Prisma-Photonics is a rapidly growing startup company, developing the next-generation smart-infrastructure solution based on novel fiber-sensing technology (smart roads, smart cities, perimeters, and grid monitoring, etc.). The company offers an award-winning disruptive solution; a “sensor free” approach to smart infrastructure. The company is VC backed and in the revenues stage.
Combining pioneering technology in optical fiber sensing with state-of-the-art machine learning, we help prevent environmental disasters, protect human lives, and keep critical energy and transportation backbones running smoothly.
We are seeking a motivated and curious Deep Learning Student Engineer to join our R&D team. This is a hands-on role for a student who wants to work with real-world data, explore deep learning techniques, and contribute to the ML infrastructure powering cutting-edge fiber-sensing technology.

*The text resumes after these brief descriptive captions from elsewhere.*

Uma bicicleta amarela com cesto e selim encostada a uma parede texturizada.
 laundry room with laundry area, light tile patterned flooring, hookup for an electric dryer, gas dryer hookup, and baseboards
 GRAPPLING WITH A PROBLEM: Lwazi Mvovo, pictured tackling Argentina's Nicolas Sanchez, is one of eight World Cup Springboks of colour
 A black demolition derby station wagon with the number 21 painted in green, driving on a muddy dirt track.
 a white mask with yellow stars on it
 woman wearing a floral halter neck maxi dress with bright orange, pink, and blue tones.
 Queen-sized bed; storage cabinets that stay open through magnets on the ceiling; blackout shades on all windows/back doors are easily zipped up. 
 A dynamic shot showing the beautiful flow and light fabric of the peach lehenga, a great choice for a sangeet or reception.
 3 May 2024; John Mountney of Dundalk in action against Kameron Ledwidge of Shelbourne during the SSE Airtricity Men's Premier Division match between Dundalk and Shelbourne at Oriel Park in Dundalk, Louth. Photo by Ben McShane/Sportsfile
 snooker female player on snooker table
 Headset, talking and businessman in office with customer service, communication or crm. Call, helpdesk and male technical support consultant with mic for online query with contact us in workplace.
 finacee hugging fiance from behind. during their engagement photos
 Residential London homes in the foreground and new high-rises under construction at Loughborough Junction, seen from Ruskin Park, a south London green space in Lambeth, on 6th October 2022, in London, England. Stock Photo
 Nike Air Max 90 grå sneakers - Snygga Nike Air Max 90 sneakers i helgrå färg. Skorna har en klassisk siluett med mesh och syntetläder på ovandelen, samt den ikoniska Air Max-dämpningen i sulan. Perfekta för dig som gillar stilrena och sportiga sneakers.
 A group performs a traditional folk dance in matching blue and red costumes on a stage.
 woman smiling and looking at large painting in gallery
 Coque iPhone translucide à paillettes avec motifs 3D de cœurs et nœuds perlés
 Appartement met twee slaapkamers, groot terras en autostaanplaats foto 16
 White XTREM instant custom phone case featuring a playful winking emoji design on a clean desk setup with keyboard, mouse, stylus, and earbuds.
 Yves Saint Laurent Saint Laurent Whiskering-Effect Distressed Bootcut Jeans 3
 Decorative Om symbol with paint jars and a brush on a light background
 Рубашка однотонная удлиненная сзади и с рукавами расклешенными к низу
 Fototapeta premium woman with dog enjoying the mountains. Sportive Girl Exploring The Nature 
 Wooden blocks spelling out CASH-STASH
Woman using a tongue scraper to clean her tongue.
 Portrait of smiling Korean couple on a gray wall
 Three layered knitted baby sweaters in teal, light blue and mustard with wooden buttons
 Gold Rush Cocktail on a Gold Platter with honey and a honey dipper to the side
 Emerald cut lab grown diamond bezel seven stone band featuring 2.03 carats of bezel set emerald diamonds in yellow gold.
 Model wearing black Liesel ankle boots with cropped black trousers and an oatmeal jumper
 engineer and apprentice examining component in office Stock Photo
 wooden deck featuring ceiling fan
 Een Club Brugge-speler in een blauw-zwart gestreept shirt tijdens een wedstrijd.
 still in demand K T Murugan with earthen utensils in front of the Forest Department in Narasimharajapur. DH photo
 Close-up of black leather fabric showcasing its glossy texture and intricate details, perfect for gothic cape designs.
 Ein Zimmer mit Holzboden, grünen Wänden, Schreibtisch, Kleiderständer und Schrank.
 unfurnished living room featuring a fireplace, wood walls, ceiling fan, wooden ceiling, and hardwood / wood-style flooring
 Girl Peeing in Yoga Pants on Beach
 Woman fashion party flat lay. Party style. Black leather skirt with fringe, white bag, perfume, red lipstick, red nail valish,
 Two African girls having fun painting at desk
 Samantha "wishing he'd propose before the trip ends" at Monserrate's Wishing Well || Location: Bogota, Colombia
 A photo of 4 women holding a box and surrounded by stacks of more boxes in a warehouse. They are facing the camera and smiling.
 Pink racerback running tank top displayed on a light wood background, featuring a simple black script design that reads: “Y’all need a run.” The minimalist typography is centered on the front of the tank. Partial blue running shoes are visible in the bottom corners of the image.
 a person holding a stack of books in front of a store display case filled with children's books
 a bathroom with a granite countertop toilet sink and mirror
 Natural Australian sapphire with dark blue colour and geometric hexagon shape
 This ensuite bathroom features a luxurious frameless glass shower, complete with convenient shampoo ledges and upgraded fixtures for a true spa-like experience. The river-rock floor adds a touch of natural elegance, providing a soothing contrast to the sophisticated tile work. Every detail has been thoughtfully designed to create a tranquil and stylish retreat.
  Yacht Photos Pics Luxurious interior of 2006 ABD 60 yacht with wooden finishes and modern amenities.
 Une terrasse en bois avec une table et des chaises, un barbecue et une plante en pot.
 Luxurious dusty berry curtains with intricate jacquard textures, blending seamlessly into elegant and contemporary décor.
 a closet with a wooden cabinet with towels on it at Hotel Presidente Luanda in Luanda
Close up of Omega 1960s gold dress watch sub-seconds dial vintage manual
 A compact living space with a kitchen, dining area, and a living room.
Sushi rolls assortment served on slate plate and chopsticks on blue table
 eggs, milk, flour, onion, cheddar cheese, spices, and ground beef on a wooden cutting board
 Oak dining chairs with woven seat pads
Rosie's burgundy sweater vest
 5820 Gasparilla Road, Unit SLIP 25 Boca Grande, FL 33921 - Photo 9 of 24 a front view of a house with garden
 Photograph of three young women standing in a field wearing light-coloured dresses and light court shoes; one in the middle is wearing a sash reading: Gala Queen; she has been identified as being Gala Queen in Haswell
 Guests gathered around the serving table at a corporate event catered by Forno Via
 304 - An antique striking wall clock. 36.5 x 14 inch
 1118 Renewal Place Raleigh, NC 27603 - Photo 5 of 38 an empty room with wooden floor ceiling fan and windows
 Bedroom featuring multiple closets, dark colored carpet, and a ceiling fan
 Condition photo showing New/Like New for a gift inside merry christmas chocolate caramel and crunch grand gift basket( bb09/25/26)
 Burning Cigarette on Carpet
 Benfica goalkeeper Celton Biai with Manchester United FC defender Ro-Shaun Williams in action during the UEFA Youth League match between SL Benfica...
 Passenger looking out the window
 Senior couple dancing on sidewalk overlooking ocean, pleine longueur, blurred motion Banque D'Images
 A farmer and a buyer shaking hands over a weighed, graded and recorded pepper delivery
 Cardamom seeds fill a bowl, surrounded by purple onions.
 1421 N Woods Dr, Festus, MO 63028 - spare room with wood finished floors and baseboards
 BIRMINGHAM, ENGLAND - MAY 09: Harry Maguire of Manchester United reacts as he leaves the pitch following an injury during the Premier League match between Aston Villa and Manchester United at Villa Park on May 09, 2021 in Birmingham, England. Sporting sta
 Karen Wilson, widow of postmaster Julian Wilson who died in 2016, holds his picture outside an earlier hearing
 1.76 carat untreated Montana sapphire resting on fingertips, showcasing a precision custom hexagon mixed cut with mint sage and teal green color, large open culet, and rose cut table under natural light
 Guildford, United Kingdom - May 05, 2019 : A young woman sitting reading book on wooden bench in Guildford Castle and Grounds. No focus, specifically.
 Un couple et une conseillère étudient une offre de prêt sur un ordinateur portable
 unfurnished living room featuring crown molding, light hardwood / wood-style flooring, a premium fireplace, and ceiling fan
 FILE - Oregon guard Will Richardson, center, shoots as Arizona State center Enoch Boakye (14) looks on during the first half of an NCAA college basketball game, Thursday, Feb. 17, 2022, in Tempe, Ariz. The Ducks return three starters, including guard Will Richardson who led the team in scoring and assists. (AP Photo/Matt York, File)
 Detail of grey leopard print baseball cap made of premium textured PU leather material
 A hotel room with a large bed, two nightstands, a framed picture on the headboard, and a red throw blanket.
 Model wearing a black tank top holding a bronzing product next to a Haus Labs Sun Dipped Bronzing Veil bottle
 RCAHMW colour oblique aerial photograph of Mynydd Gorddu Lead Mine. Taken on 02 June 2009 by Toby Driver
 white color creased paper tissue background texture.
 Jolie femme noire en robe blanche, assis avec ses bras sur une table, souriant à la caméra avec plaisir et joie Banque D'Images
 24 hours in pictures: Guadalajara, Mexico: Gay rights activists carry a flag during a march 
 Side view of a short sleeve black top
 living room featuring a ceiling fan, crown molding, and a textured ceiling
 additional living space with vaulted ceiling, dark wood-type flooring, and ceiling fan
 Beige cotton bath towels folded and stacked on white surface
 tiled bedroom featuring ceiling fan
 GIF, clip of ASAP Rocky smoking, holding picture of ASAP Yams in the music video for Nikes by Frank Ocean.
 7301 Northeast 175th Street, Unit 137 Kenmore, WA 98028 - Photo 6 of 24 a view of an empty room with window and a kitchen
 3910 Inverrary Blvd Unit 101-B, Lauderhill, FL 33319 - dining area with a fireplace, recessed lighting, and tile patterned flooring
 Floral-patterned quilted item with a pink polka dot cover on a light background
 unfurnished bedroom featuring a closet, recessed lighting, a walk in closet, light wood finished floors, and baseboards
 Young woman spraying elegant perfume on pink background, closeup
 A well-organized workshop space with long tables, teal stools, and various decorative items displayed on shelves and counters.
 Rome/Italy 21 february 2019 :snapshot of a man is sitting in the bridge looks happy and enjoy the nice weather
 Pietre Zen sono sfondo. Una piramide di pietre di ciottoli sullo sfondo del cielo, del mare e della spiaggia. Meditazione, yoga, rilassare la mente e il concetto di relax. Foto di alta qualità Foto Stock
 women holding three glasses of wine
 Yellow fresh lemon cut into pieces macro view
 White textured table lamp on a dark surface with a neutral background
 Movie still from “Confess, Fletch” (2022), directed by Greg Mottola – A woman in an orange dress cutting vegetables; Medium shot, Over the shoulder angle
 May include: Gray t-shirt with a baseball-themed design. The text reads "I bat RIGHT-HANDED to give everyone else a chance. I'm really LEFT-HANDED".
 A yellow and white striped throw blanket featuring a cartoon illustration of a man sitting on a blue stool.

- Support Data Tools & Pipelines – Help develop and maintain data libraries, preprocessing utilities, and pipelines for large-scale acoustic and spatiotemporal data.
- Experiment with ML & DL Models – Collaborate on the development, training, and evaluation of models for event detection, classification, and tracking.
- Analyze & Visualize Real-World Data – Explore diverse datasets, extract insights, and build visualizations that support research and engineering work.
- Collaborate Across Disciplines – Work with ML engineers, DL Researchers, physicists, and field teams to understand sensing challenges and contribute to ongoing projects.
- Write Clean, Maintainable Code – Implement tools, experiments, and data-processing modules in Python, following good practices with guidance from senior engineers.
- Learn and Grow – Stay updated on ML research, tools, and frameworks while gaining hands-on industry experience in a fast-paced environment.
- Currently pursuing a M.Sc. in Computer Science, Electrical Engineering, Physics, or a related field.
- Coursework or practical experience in machine learning or deep learning.
- Strong programming skills in Python.
- Familiarity with NumPy, Pandas, and at least one deep learning framework (e.g., PyTorch, TensorFlow).
- Ability to work independently, ask questions, and collaborate effectively.
- Analytical mindset and willingness to work with complex, real-world data.
- Experience with large-scale or time-series / spatiotemporal datasets.
- Hands-on experience with PyTorch or PyTorch Lightning.
- Familiarity with acoustic, seismic, or geospatial data.
- Experience with visualization libraries such as matplotlib or Plotly.
- Participation in ML research, academic projects, or open-source contributions.